ŞİMİR KİMDİR ? 18 yıl önce Hz Ali ile Yezidin Babası Muaviye'ye Karşı savaşan ve bu savaş da sağ Gözünü kaybeden Hz Ali’nin Komutanlarındandır….! ( Miladi 656 yılında )
HZ Hüseyin Şimire Babasından dolayı Müsaade edin sadece ben Yezid ile Görüşeyim der Müsaade etmezler peki Müsaade Edin Nehrin Ötesine geçeyim der Biraz Ötede Fırat Nehri Güldür güldür akar sesi Kerbeladan duyulurken ne Nehri geçmesine nede Kırbalarına Bir gram su alınmasına müsaade etmezler. ALİ AŞKÂR suya hasret Kundaktaki Bebek, Evlad-ı Zehra suya Hasrettir 50 derecenin Üstünde Peygam ber efendimiz SA. Hz Muhammet efedimizin ( Bende Hüseyindenim dediği ) torunu 314 kişi suya hasret etrafları Binlerce Yezid Askeri ile çevrili bekletilmektedir İlla Hz Hüseyinin Biat etmesi istenmektedir 9 .Günde Tüm Kafile suya hasret bırakılmaktadır. Ve israrla Hüseyinden Biat beklenmektedir.. Hz HÜSEYİN ( KİTABIN VE SÜNNETİN VARİSİYİM ,ALEME RAHMET NEBİNİN EVLADIYIM ,HATİCETÜL KUBRANIN GÖNÜL MEYVESİYİM ) der Ben Biat edersem DİN BİTER. Der Tevafuka bakın ki 9 Muharrem Perşembe günüdür 2023 yılı da 9 muharrem Perşembe günüdür.
ŞİMİR Biat etmeyen Hz Hüseyin ve etrafına son olarak Biat edenler eman dileyenlerin af olunacağını Bildirir Bunu üzerine 314 kişilik kafileden 92 kişi kalır diğerleri biat eder yezidden canını kurtarır Kerbeladan ayrılır. Kalan 92 kişiye Hitabende Hz Hüseyin ÜSTÜNDE KUL HAKKI OLAN kafileden ayrılsın der ve sözlerine açıklık getirir. ( Komşusundan Bir kazan alıpta vermeyen. Arkadaşı Hakkında haksız Gıybet yapan. Beytül mala zarar everen. Devlete vergisini vermeyen , ailesine zulmeden 9 Muharrem gecesi ayrılsın der 20 kişi göz yaşları ile ağlaya ağlaya Kafileden ayrılır . 10 Muharrem sabahı Binlerce Yezid askeri Peygamber efendimizin Göz Nuru Torunu Hüseyine saldırır Günlerce susuz kalmış bitap 72 gerçek Sahabeye saldırı Hepsini Kılıçtan geçirir sadece 30 Müslüman kadın esir alınır içlerinde Tek Peygamber Torunu SEYYİDE ZEYNEP vardır bir de Zeynel Abidin .

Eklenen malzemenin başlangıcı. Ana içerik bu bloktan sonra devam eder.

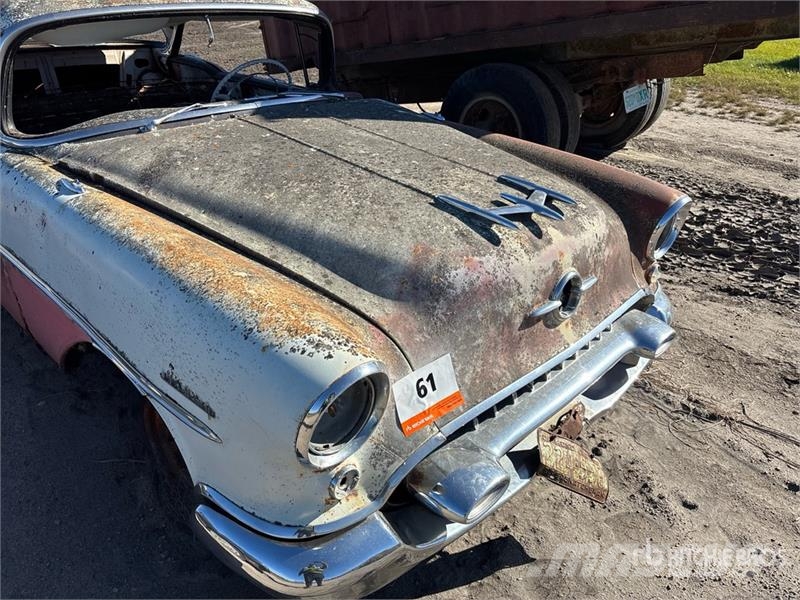  Oldsmobile Holiday Automobile (Inoperable) Auto's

Hz Hüseyin 30 dan fazla Ok ile vurulur Kolları kesilir Başı Kesilir Bir sepete Konur. Zeynel Abidin Tek Kurtulan erkektir oda savaş sırasında kımıldayamayacak kadar hasta ve bitap düşmüştür. Onunda Bir devenin arkasına bağlanan zincirlenmiş vaziyette sürükleyerek Yezidin huzuruna Götürürler.

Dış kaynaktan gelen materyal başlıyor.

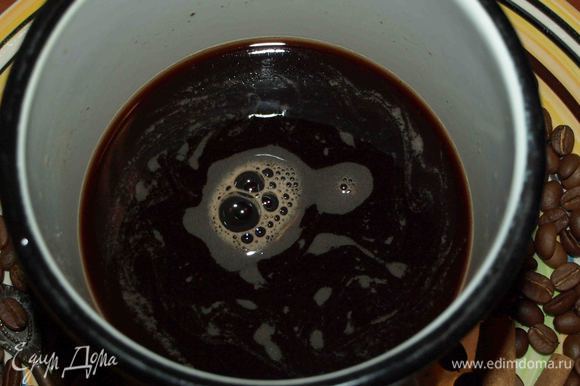В эмалированной посуде смешиваем кофе, вино, коньяк. Добавляем сахар. Подогреваем до 70 — 80°С. Не кипятить.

Yezid Mağrur Gururlu Allah beni seviyor ki Bu savaşta beni Muzaffer eyledi der Huzuruna sepetler içinde getirilen Kesik başları dizdirdi onların dudaklarına elindeki uzun sopalarla vurarak Bakın Ben sizlerden üstünüm diye seslendi. Hz Hüseyin’in Kesik Başı 6 yaşındaki Kızı RUGAYDE= RUKİYE nin kucağına verdi. Babasının Kesik Başına sarılan Kızı Babam canın acıyor mu dedi ve Ruhunu teslim etti.
SEYİDE ZEYNEP den de Biat etmesi İstendi O da biat etmedi.

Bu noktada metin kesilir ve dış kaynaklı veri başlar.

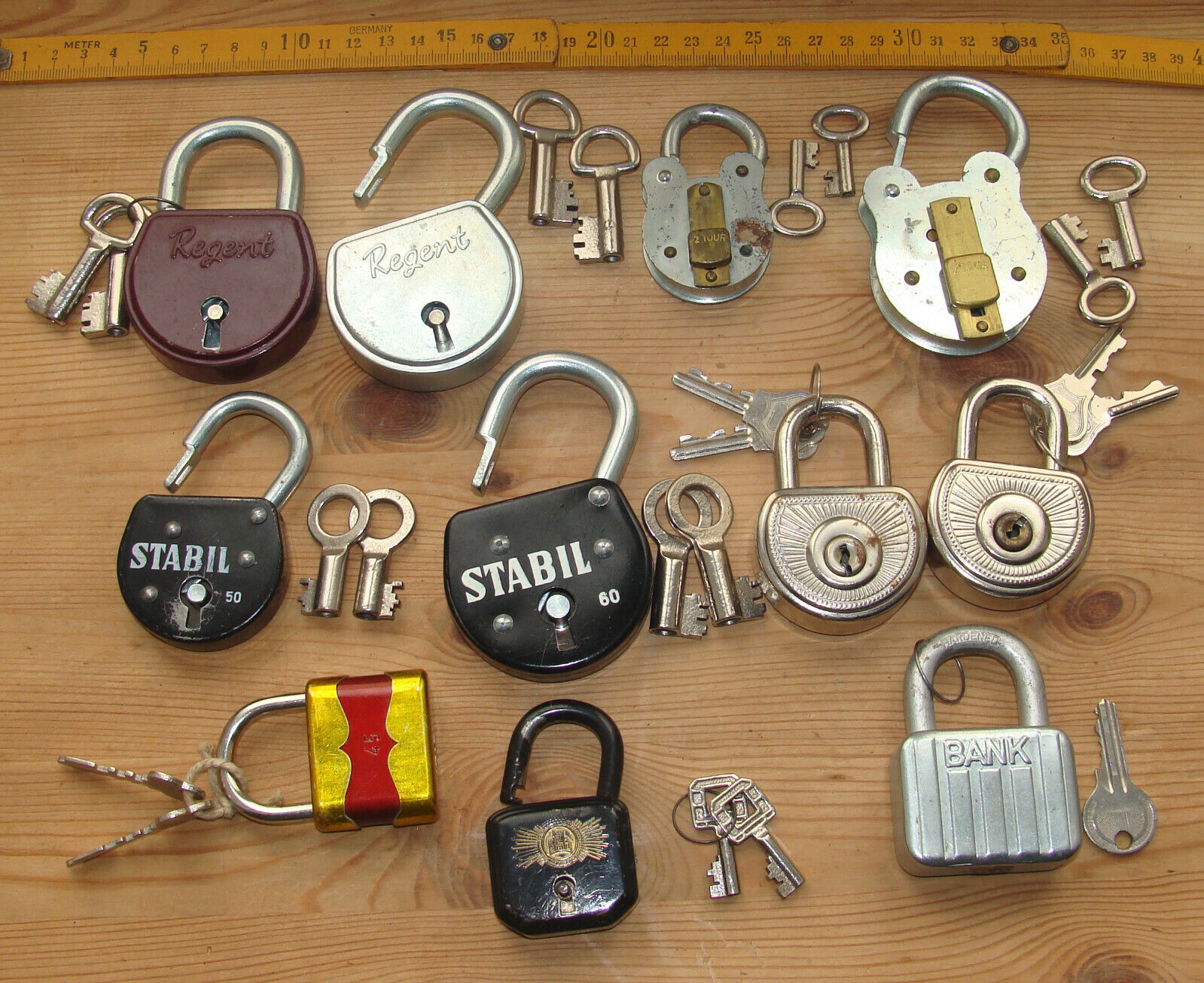 11 alte Bügel Schlösser mit Schlüsseln.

Zalim Yezit Mekke’yi Mancınıklarla taşa Tuttu 3 gün Tüm Mekke'yi Yağmalattı Uhut ve Hendek Savaşlarından sağ Kalan Tüm gazileri Şehit etti Kılıçtan geçirdi. Tüm Mekke’nin Malı Mülkü kadınları Ordumundur dedi. Mekkeli Kadınların ırzına geçildi. Bu olayda 900 çocuk doğdu. Zalim Yezit Kâbe’nin İşgalin üçüncü Gecesi Öldü…..! Yerine Oğlu Halife Olarak geçirildi. Oda EY MÜSLÜMANLAR BU GÜNAH HEPİMİZE YETER dedi Görevi Kabul etmiyorum dedi . MERVAN BİN HAKEM Tarafından öldürüldü. Yerine 17 yaşında Küçük Muaviye geçti.
Peygamber efendimiz SA efendimiz Yıllar önce eşlerinden Ümmi seleme'ye Toprak Kap içinde İki avuç Toprak olan bir kap verir ve derki Bu Kabın İçindeki Toprak Kan olunca Bilinki Torunum Hüseyin Şehit edilecektir der . Ümmi seleme 92 yaşında vefat eder ayni ile vakidir ki Bir gün O toprak kaptaki toprak Kan olur o tarih 10 Muharrem 680 yılı ve günüdür. Peygamber efendimizin Torunu Tüm aile efradı ile şehit ve esir edilir
KABEY-İ MUZZAMA Osmanlının eline geçtiğinden buyana 4156 SÜRRE ALAYI düzenlendi ve 4156 sürre defteri tutuldu Kâbe’nin Korunması Bakımı Onarımı Yönetimi temizliği için Binlerce Osmanlı altını ve Binlerce insan Görevlendirildi Kâbe’yi Korumak için ECYAD KALESİ yapıldı. Kabe örtüsü Bile İstanbul’dan Gönderildi. Petrol çıktıktan sonra Arap Milleti Osmanlıyı yok saydı.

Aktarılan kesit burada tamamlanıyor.